BRIEF: Begin with the first line of the entries below. Copy each line exactly, stopping after the one that contains "If safety is".

SOURCE DATA Start Marker

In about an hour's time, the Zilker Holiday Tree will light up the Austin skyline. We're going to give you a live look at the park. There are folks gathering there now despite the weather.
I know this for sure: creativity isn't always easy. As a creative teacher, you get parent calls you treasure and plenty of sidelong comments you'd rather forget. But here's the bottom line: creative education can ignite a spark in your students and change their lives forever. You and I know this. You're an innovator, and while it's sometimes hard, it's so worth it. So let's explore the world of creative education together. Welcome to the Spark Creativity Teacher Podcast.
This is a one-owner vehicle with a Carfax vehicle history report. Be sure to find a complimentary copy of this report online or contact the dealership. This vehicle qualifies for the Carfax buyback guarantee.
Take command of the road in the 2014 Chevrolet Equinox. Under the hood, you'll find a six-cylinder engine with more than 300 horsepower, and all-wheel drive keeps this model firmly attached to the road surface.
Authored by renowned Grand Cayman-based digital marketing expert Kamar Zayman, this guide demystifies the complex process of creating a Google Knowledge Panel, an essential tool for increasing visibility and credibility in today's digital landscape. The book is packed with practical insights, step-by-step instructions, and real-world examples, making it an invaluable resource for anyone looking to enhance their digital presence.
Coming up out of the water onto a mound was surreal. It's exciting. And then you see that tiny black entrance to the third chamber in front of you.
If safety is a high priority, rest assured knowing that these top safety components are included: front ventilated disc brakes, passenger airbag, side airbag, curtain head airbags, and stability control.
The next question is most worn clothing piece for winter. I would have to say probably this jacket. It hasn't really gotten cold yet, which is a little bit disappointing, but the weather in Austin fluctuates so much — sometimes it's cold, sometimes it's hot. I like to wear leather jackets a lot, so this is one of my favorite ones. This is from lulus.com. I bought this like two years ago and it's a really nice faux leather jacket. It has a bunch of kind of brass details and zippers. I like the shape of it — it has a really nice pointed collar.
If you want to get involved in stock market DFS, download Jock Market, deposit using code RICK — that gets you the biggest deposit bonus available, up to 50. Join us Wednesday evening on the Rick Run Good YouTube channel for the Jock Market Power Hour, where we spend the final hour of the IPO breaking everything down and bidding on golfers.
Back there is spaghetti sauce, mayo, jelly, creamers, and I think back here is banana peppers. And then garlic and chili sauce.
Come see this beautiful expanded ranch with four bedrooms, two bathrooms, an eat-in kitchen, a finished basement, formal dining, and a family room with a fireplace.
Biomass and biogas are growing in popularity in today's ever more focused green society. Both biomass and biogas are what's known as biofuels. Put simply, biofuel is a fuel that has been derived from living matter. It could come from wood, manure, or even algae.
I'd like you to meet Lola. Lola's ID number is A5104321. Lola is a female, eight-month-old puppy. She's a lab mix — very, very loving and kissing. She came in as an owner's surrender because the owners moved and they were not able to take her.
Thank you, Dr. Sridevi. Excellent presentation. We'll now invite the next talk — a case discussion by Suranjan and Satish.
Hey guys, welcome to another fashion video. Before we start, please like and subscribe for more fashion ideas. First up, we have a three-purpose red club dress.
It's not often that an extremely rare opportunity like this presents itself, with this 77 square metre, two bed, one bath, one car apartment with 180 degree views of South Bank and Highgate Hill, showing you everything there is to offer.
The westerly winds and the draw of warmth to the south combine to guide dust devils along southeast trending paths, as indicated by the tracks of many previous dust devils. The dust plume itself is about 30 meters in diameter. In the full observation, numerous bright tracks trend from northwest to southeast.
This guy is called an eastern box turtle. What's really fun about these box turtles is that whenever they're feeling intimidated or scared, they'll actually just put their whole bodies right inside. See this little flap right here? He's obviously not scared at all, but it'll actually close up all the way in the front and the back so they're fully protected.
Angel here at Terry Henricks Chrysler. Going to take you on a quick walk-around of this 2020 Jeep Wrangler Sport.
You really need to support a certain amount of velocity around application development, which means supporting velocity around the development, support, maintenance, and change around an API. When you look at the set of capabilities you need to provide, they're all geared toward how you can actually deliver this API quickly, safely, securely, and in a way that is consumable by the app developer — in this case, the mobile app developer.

SOURCE DATA End Marker

THE COMPLETED TASK:
In about an hour's time, the Zilker Holiday Tree will light up the Austin skyline. We're going to give you a live look at the park. There are folks gathering there now despite the weather.
I know this for sure: creativity isn't always easy. As a creative teacher, you get parent calls you treasure and plenty of sidelong comments you'd rather forget. But here's the bottom line: creative education can ignite a spark in your students and change their lives forever. You and I know this. You're an innovator, and while it's sometimes hard, it's so worth it. So let's explore the world of creative education together. Welcome to the Spark Creativity Teacher Podcast.
This is a one-owner vehicle with a Carfax vehicle history report. Be sure to find a complimentary copy of this report online or contact the dealership. This vehicle qualifies for the Carfax buyback guarantee.
Take command of the road in the 2014 Chevrolet Equinox. Under the hood, you'll find a six-cylinder engine with more than 300 horsepower, and all-wheel drive keeps this model firmly attached to the road surface.
Authored by renowned Grand Cayman-based digital marketing expert Kamar Zayman, this guide demystifies the complex process of creating a Google Knowledge Panel, an essential tool for increasing visibility and credibility in today's digital landscape. The book is packed with practical insights, step-by-step instructions, and real-world examples, making it an invaluable resource for anyone looking to enhance their digital presence.
Coming up out of the water onto a mound was surreal. It's exciting. And then you see that tiny black entrance to the third chamber in front of you.
If safety is a high priority, rest assured knowing that these top safety components are included: front ventilated disc brakes, passenger airbag, side airbag, curtain head airbags, and stability control.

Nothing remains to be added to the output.